→ **TASK BRIEF**
An exact copy of the listing below is needed, with no pictures in it.

** Opening SOURCE MATERIAL block **

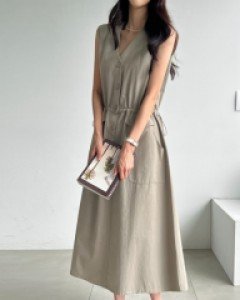 자체제작/ 허리스트링 민소매 원피스 #38564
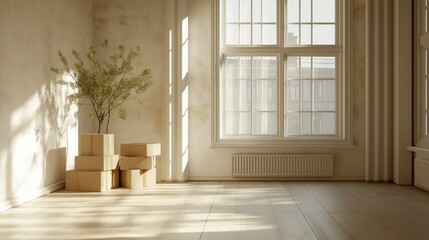 Minimalistic interior with stacked moving boxes and a potted plant near a large window, illuminated by soft sunlight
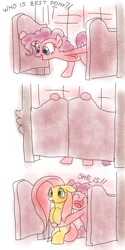 Size: 600x1200 | Tagged: safe, fluttershy, pinkie pie, earth pony, pegasus, pony, comic, female, flutterpie, lesbian, shipping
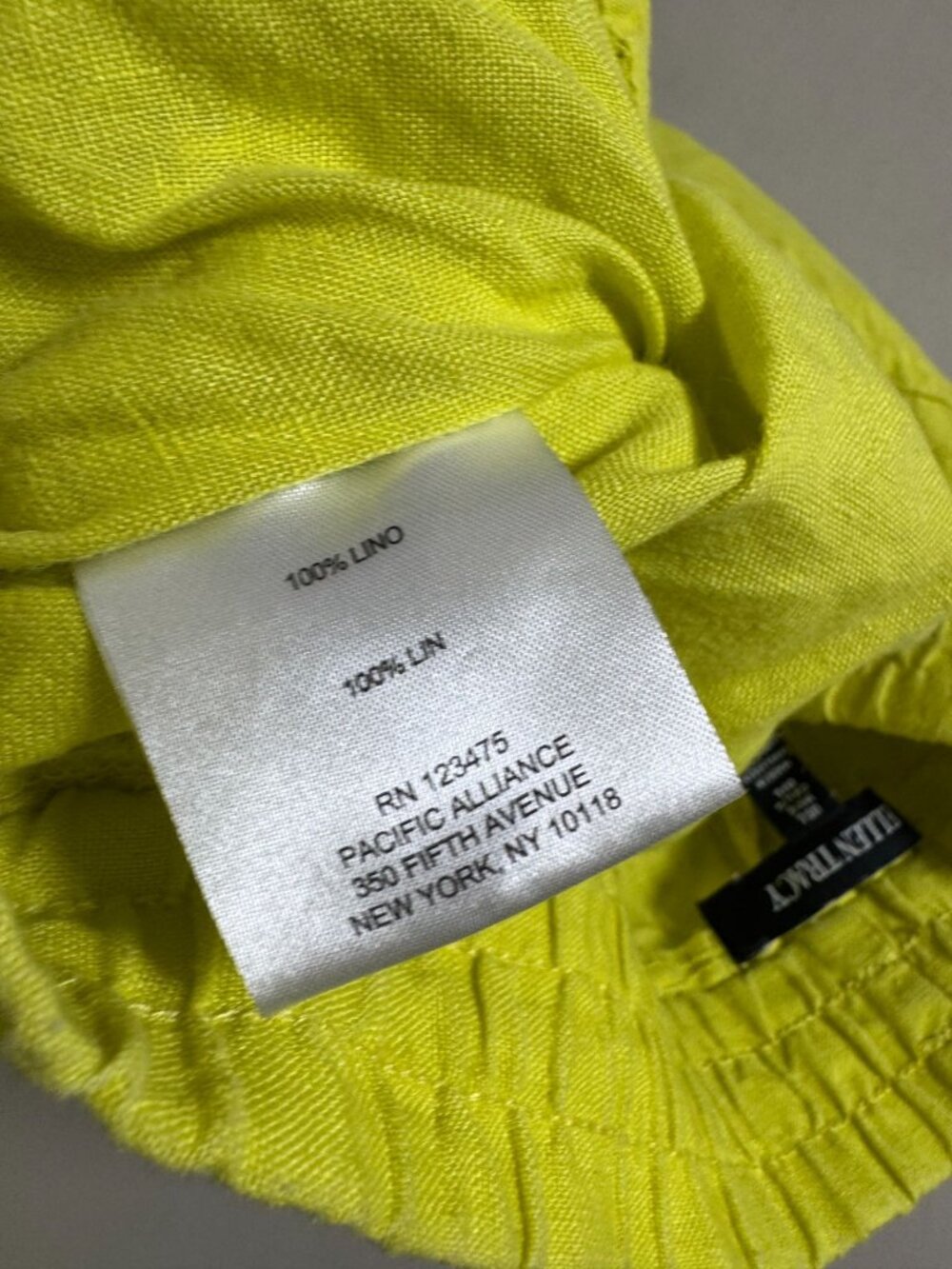 Ellen Tracy Women Lime Green 100% Linen Elastic Waist Pants Size Large Lagenlook - Picture 9 of 15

** Closing SOURCE MATERIAL block **

→ **ANSWER BOX**
 자체제작/ 허리스트링 민소매 원피스 #38564
 Minimalistic interior with stacked moving boxes and a potted plant near a large window, illuminated by soft sunlight
 Size: 600x1200 | Tagged: safe, fluttershy, pinkie pie, earth pony, pegasus, pony, comic, female, flutterpie, lesbian, shipping
 Ellen Tracy Women Lime Green 100% Linen Elastic Waist Pants Size Large Lagenlook - Picture 9 of 15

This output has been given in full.